Discuss minor’s liability in torts.

 In general, minority is not defence in torts. As to tortious liability of minors, they are liable as adult persons except where liability depends on some special mental element like malice or fraud, or where reasonable conduct is involved. Salmond states there are no rules of exemptions such as exist in other branches of law e.g. ‘criminal law.

He observed- Thus a child of any age may be sued for trespass or conversion, and will be held liable in damages just as if he were an adult. The youth of the defendant is not however in all cases wholly irrelevant. For it may be evidence of the absence of the particular mental stale which is an essential element in the kind of tort in question.

Thus, if an action is based on malice or on some special intent, the fact that the defendant is extremely young is relevant as tending to disprove the existence of any such malice or intent. Similarly, it would seem that in order to make a child liable for negligence, it must be proved that he failed to show the amount of care reasonably to be expected from a child of that age.

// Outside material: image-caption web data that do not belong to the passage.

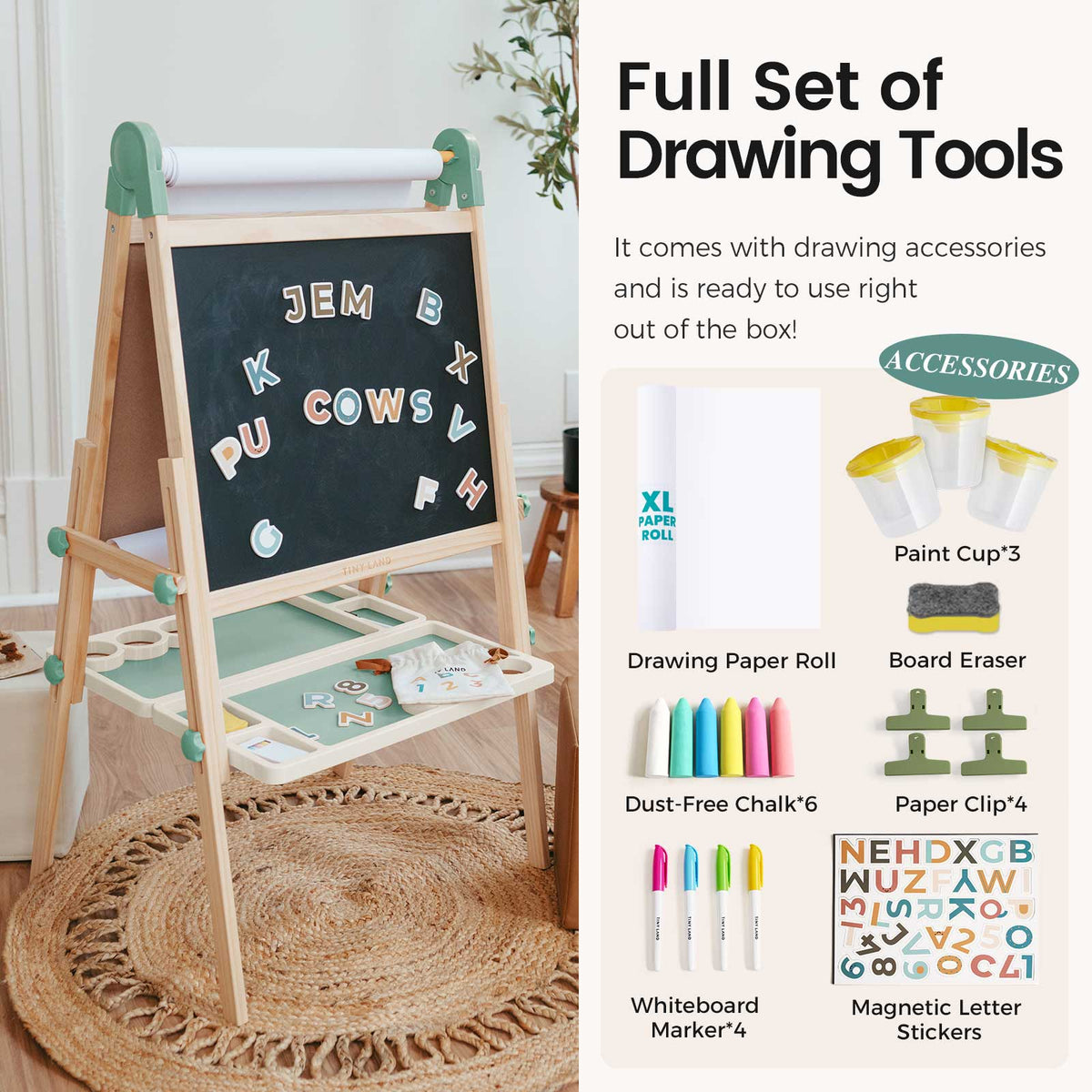 The Tiny Land Nature-inspired Play & Art Set includes the Sage Easel with a wooden frame, chalkboard, magnetic letters, drawing tools, paint cups, paper roll, eraser, clips, chalk, markers, magnetic letter stickers, plus Forest Play House.|green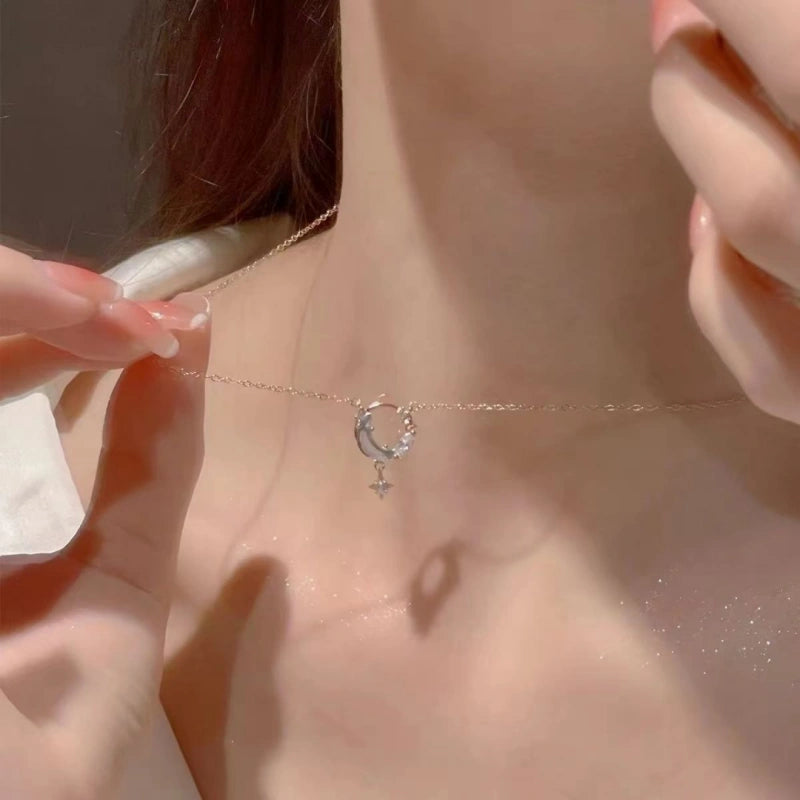 Mystic Blue Moon & Pure White Star Necklace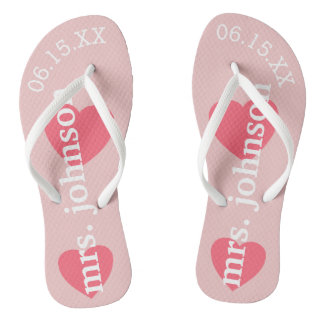 Mr. and Mrs. Personalisiert Honeymoon with Heart Flip Flops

It is not enough that an adult would have been guilty of negligence had he acted in the same way in the same circumstances. This, indeed, seems never to have been decided, but it would seem implied in the decisions on the contributory negligence of children. In general the principle appears to be that a minor who is incapable of forming a culpable intention or of realising the probable consequences of his conduct is relieved from liability in those cases in which fault is essential to liability, but that wherever a liability is imposed irrespective of fault he is fully liable as a normal adult.

In Walmsley v. Humenick, (1954) 2 D.L.R. 232 the Supreme Court of British Columbia held that the defendant, a child of five years, could not be held liable for negligence because he had not reached that stage of mental development where it could be said that he should be found legally responsible for his negligent acts.

In Ballet v. Mingay, (1943) K.B. 281 a minor hired a microphone and an amplifier and improperly passed it to a friend. The infant was held liable for detinue.